A Claude Code skill that implements the Recursive Language Model (RLM) paradigm for processing arbitrarily large documents.
This skill is inspired by the paper:
Recursive Language Models Alex L. Zhang, Tim Kraska, Omar Khattab MIT CSAIL arXiv:2512.24601v1 [cs.AI] 31 Dec 2025
The paper introduces RLMs as a general inference strategy that treats long prompts as part of an external environment rather than feeding them directly into the LLM's context window. This allows LLMs to:
- Process inputs up to two orders of magnitude beyond their context window limits
- Dramatically outperform base LLMs on long-context tasks
- Maintain comparable or lower cost per query
@_joshideas (x.com)
From the paper:
"The key insight is that long prompts should not be fed into the neural network (e.g., Transformer) directly but should instead be treated as part of the environment that the LLM can symbolically interact with."
An RLM exposes the same interface as an LLM (string in, string out) but internally:
- Loads the prompt as a variable in a Python REPL environment
- Allows the LLM to write code that peeks into and decomposes the prompt
- Enables recursive self-calls on programmatic snippets of the variable
- Aggregates results into a final response
This skill adapts the RLM paradigm to Claude Code's architecture:
~/.claude/skills/rlm/
├── SKILL.md # Skill definition with YAML frontmatter
├── rlm_loader.py # Python utilities for document manipulation
├── .venv/ # Virtual environment with pdfplumber
└── README.md # This file
1. Document Loader (rlm_loader.py)
Provides programmatic access to large documents without loading them into context:
from rlm_loader import load_document
doc = load_document('/path/to/file.pdf')
doc.get_info() # Metadata: pages, lines, chars
doc.get_page(0) # Extract specific page
doc.get_lines(10, 50) # Extract line range
doc.search("keyword") # Find matches with context
doc.search(r"\d{4}", regex=True) # Regex search
doc.chunk_by_pages() # Split into page chunks
doc.chunk_by_chars(4000) # Split by character count2. Sub-Agent Processing
Uses Claude Code's Task tool to spawn parallel sub-agents for chunk processing:
- Each sub-agent receives a chunk + specific question
- Multiple sub-agents run concurrently
- Results are aggregated by the root agent
3. Skill Definition (SKILL.md)
Instructs Claude Code on the RLM workflow:
- Load and examine document structure
- Select appropriate strategy (search, scan, parallel chunks, recursive decomposition)

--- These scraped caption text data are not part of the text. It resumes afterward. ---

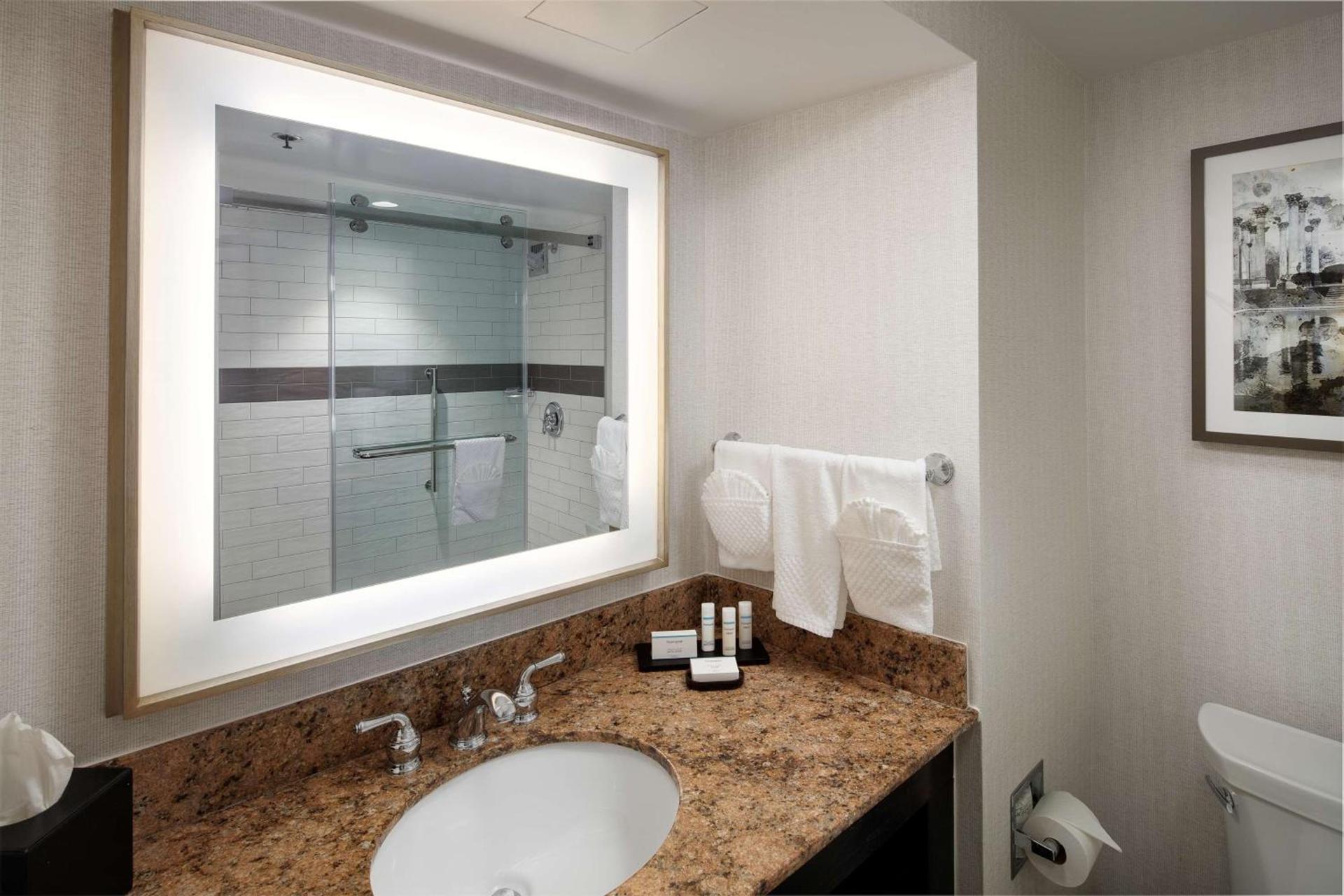 Embassy Suites Tysons Corner photo 29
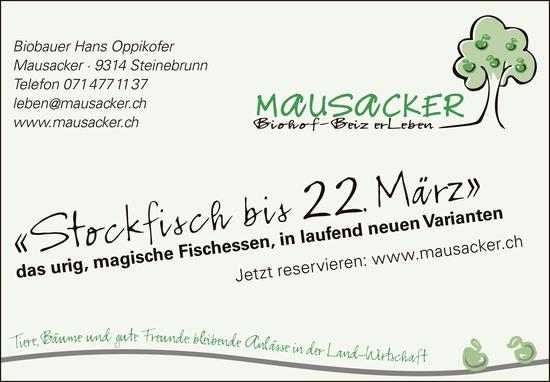 Stockfisch - das urige, magische Fischessen, 19. Februar - 22. März, Biohof Mausacker, Steinebrunn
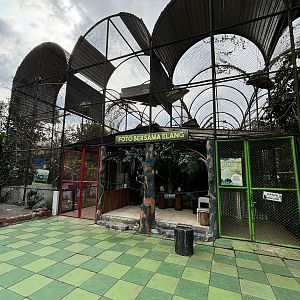 Birds of Prey - pay to handle birds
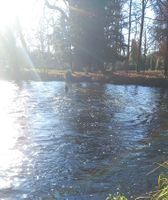 Photo 2 of Riverside Kiosk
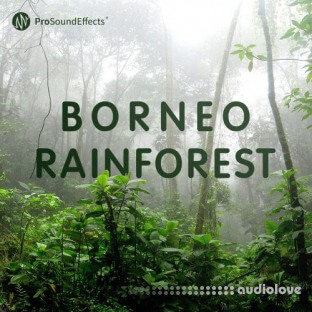 Pro Sound Effects Borneo Rainforest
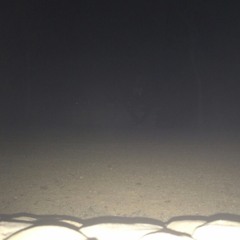 Skor & Jamelgo - AVAROS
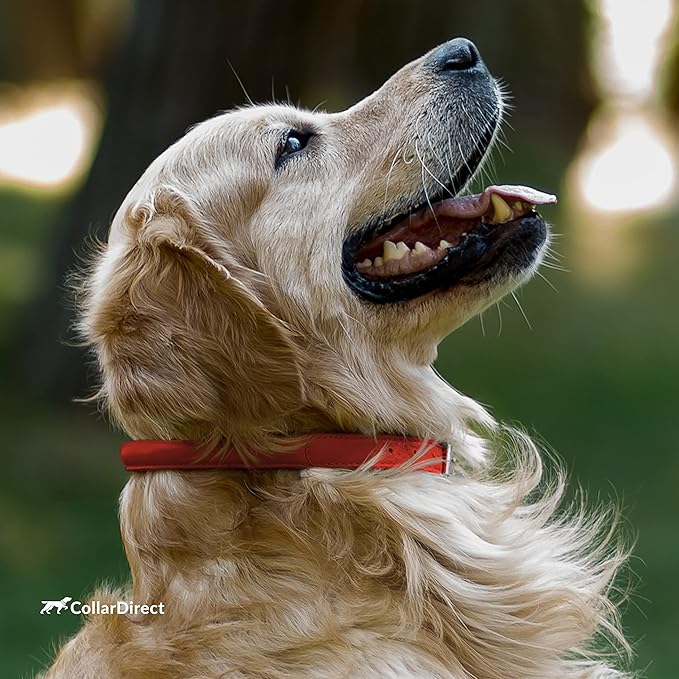 CollarDirect Rolled Leather Dog Collar, Soft Padded Round Puppy Collar, Handmade Genuine Leather Collar Dog Small Large Cat Collars 13 Colors (8-11 Inch, Red Textured)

- Execute using code-based filtering and sub-agents
- Synthesize final answer
- PDF (via pdfplumber)
- Plain text (.txt)
- Markdown (.md)
- Code files (.py, .js, .ts, etc.)
- JSON, XML, HTML, CSV
- Log files
Invoke the skill:
/rlm /path/to/document.pdf "What are the key findings?"

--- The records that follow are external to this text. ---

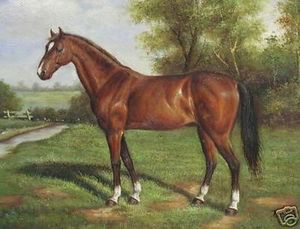 High Quality Handpainted Classic Art oil Painting On Canvas Museum Quality ,Horse ,In Multi Size chosen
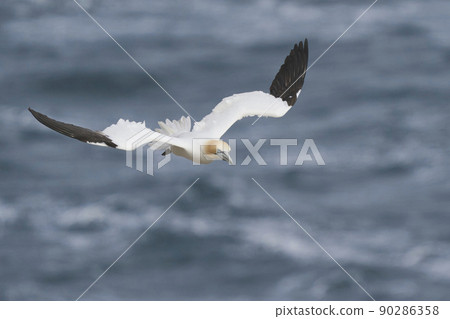 Gannet in flight Gannet in flight 90286358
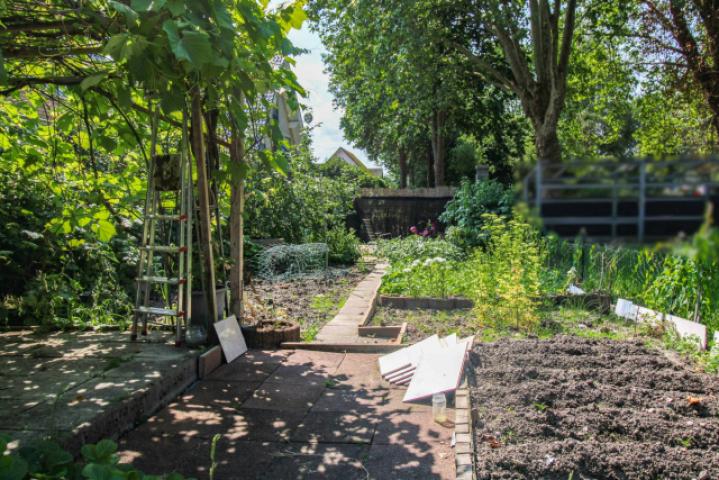 Garten 3
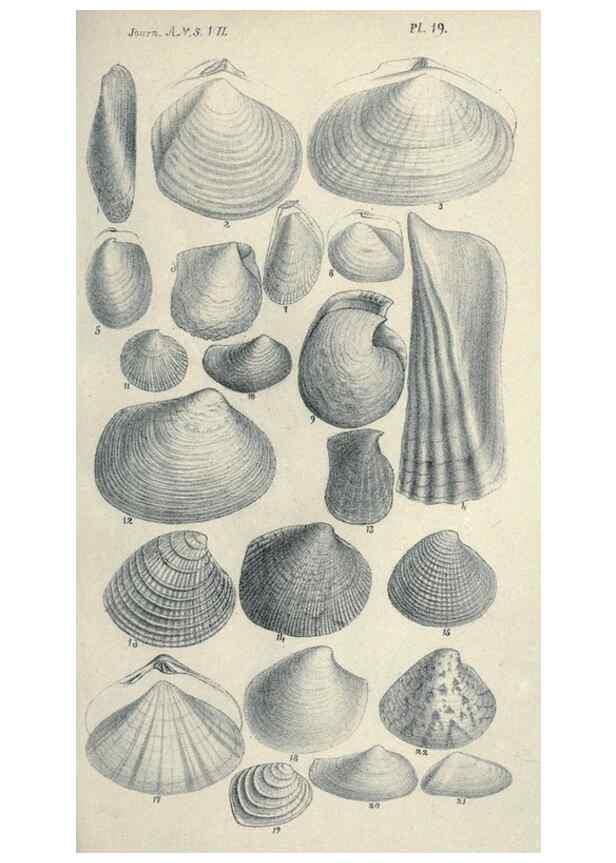 Reproducción/Reproduction 46244137065: Journal of the Academy of Natural Sciences of Philadelphia.. Philadelphia :Academy of Natural Sciences of Philadelphia,1817-1918..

Or reference a large file in conversation - the skill activates automatically for documents that would exceed reasonable context limits.

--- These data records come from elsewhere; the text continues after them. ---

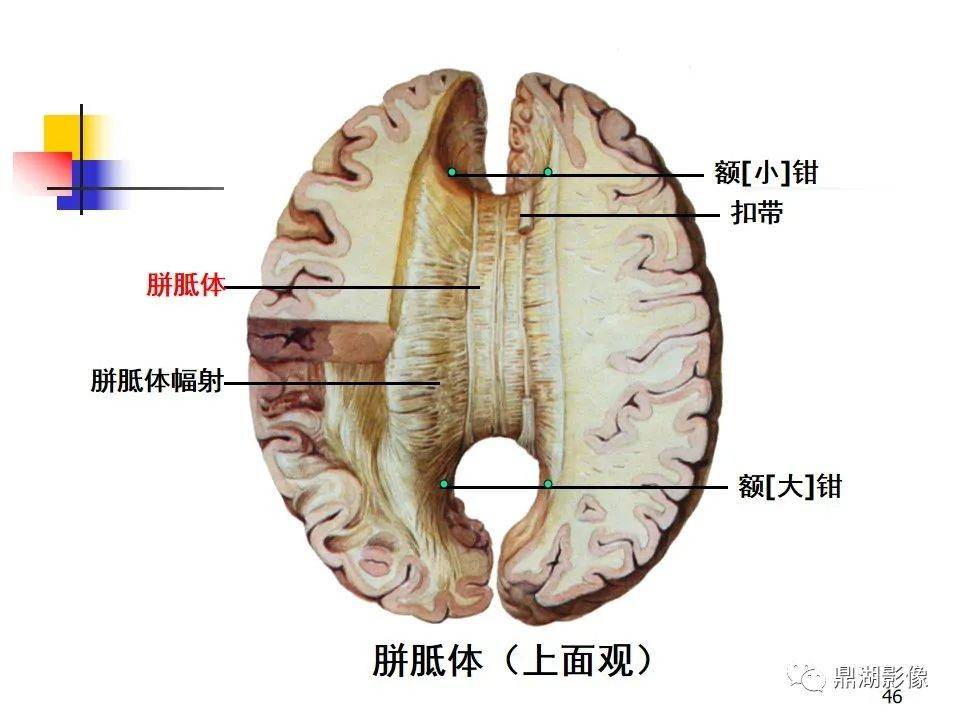 高清大脑解剖图谱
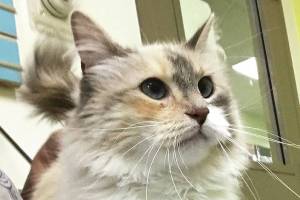 Pet of the Week: Catalina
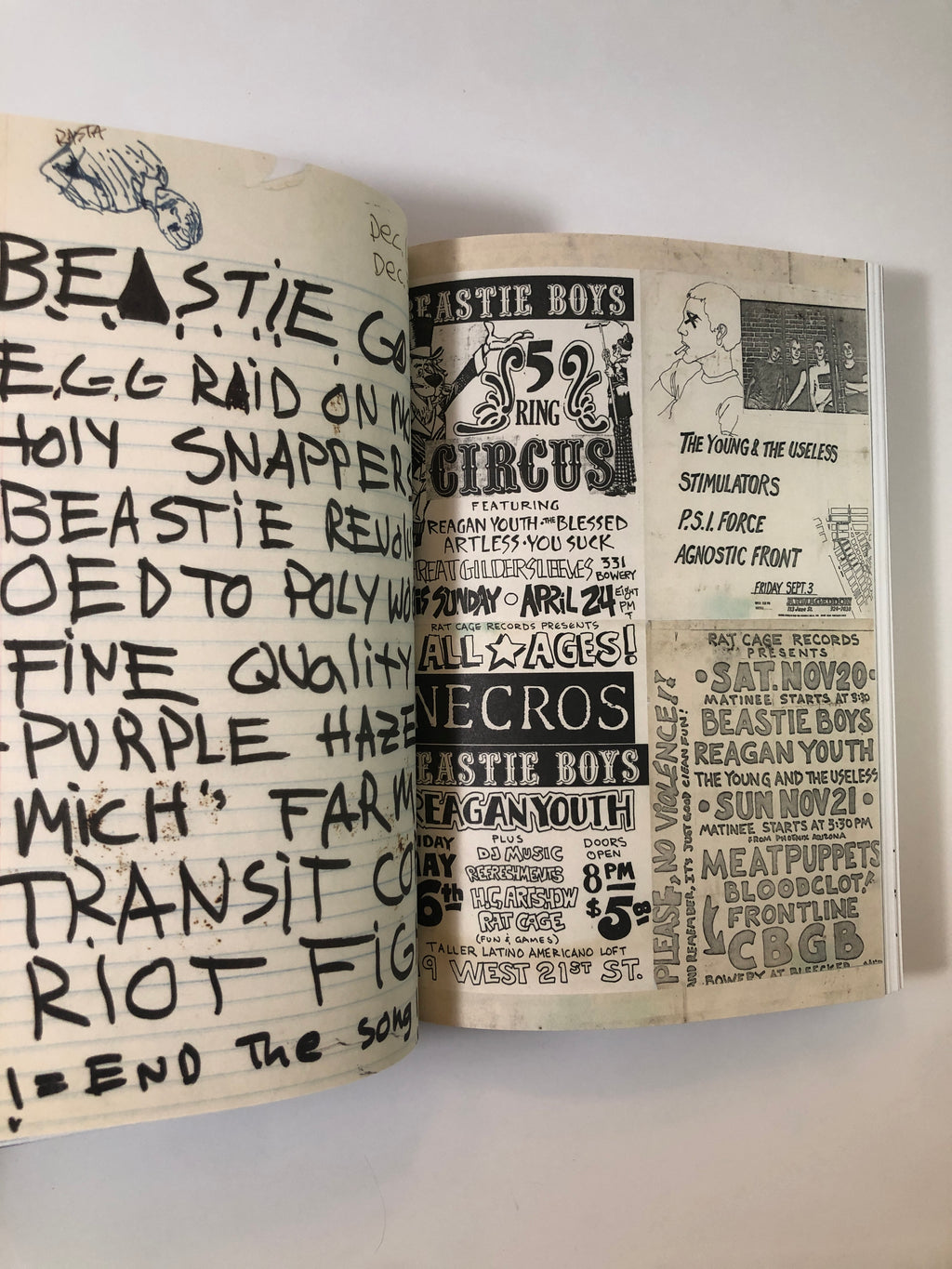 Beastie Boys Book by Michael Diamond and Adam Horovitz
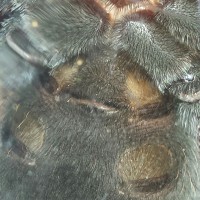 4 inch b. smithi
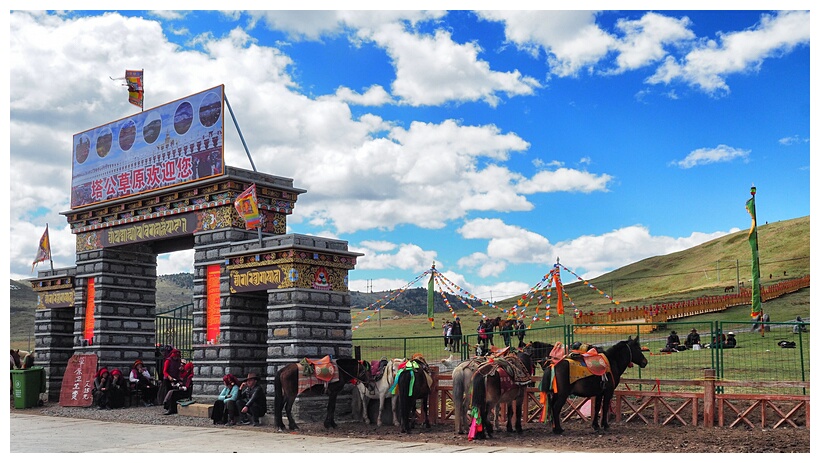 Tibetan Culture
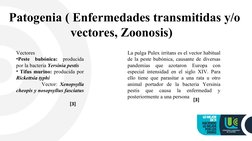 Patogenia ( Enfermedades transmitidas y/o 
vectores, Zoonosis)  
La pulga Pulex irritans es el vector habitual 
de la peste b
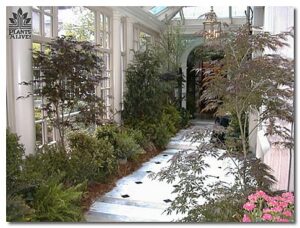 Arborvitae indoor display for event rental: Arborvitaes, hollies & topiaries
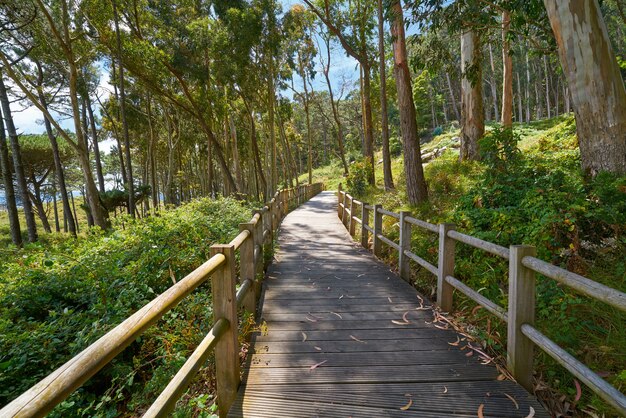 Pista de madeira na praia das Figueiras, na ilha de Islas Cies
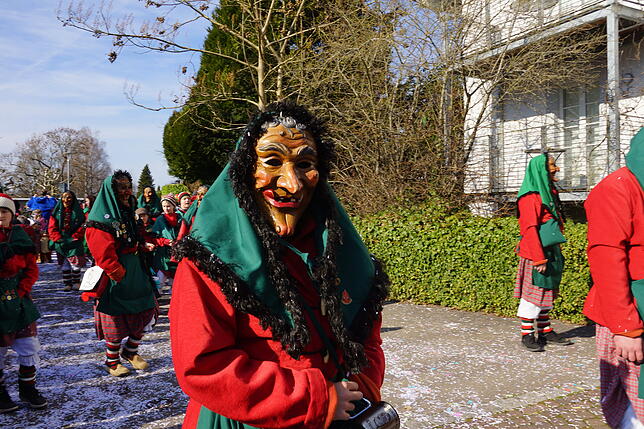 Bild 17: Küssaberger Narrentreffen 2025: Rheinheim feiert Fasnacht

| Strategy | When to Use | Processing Cost |
|---|---|---|
| Targeted Search | Looking for specific information | Constant |
| Section Read | Questions about specific parts | Constant |
| Parallel Chunks | Aggregation, summarization | Linear |
| Recursive Decomposition | Multi-hop reasoning, pairwise analysis | Linear to Quadratic |
From the paper's findings:
- Never load entire documents - Use programmatic access to minimize context usage
- Filter with code first - Use regex/keyword search before reading content
- Parallelize sub-agents - Launch multiple Task calls in single response
- Sub-agents are stateless - Provide all needed context in their prompt
- Verify before answering - Retrieve more context if uncertain
RLMs demonstrated:
- 91.33% accuracy on BrowseComp+ (vs 70.47% for summarization baseline)
- 58.00% F1 on OOLONG-Pairs (vs 0.04% for base GPT-5)
- Strong performance at 10M+ token scale
- Comparable or lower cost than base model calls at median
- Paper: https://arxiv.org/abs/2512.24601
- pdfplumber: https://github.com/jsvine/pdfplumber
- Claude Code Skills: https://docs.anthropic.com/en/docs/claude-code
This implementation is provided as-is.